While I was reading Rolling Nowhere I was expecting the text to end with some kind of stomping, like the sort Hunter S. Thompson described himself receiving at the hands of the Hells Angels in the epilogue to his account of the motorcycle club. Instead, towards the end of Conover’s text, he described narrowly escaped the light of a police officer, probing the boxcar he was hiding in in Tulsa. Conover described Tulsa as a “hot” town, where the police were intensely active in the search of illicit train passengers. Conover then rests under an overpass and creates a sense of dread through his reflections upon all of the threats a hobo has to be concerned with, and expresses a profound lethargy over this constant worry. He thus extends this dread to a kind of sympathy with the real hobos who did not share in his luxury to return home when they felt the adventure was over. This feeling of dread Conover develops is palpable, however, and is perhaps as profound a means of conveying the danger of the depicted lifestyle as Thompson’s final experience of brutality at the hands of the notorious bikers.

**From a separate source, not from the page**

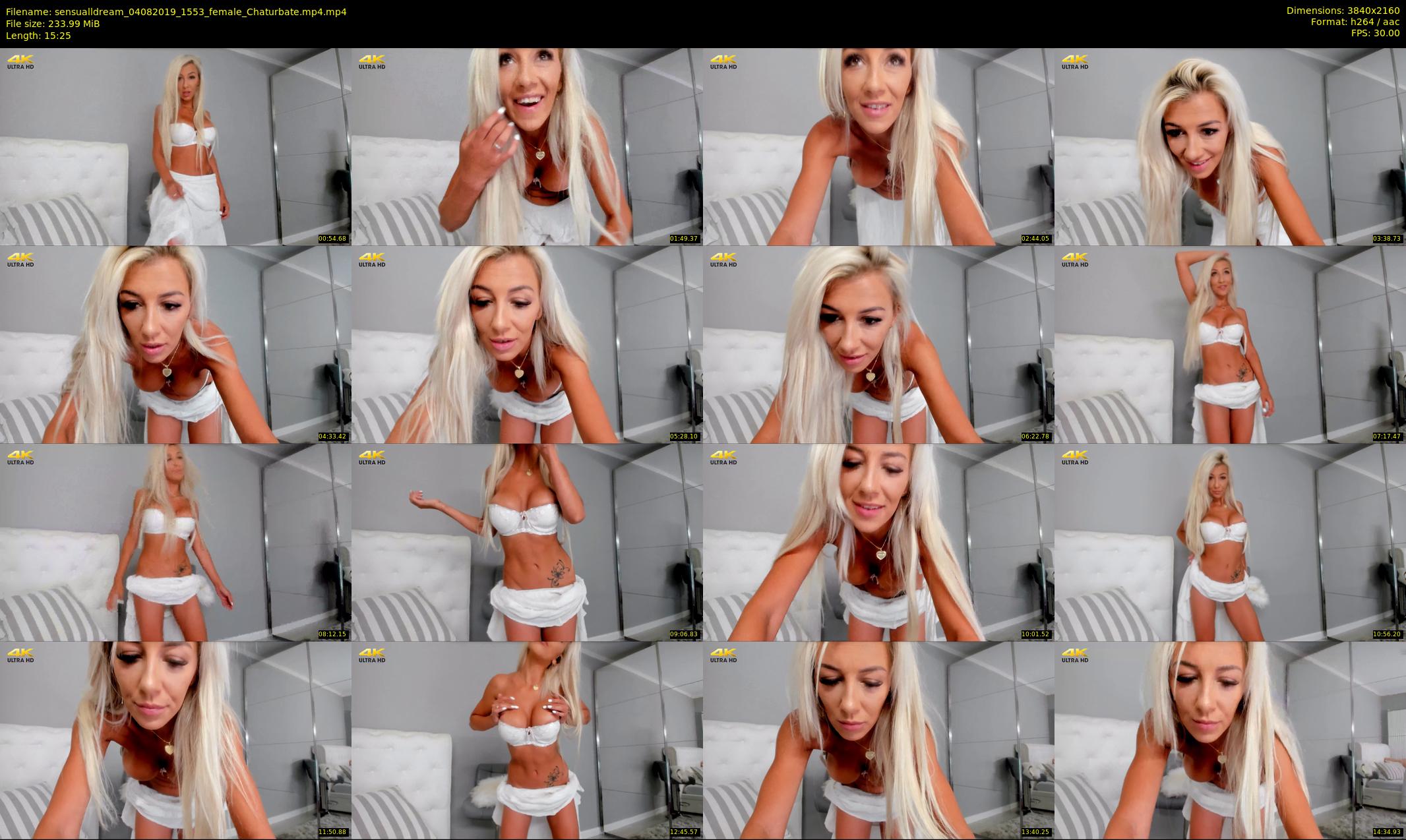 sensualldream — 16 minute Chaturbate female cam show recording, 4K, Aug 4, 2019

Rolling Nowhere describes the sincere effort made by a middle class young man to enter a social realm occupied by desperate and often dangerous men. Conover lived as closely to the ideal hobo lifestyle as possible, without betraying his origins to any of the people he met on the road. People came to respond to him as a fellow traveler, and he appeared to develop an insightful understanding of hobo society. His reflections on the ways of living and methods for survival adopted by the train-hoppers he met are interesting enough that they should be acknowledged by researchers of this subject matter.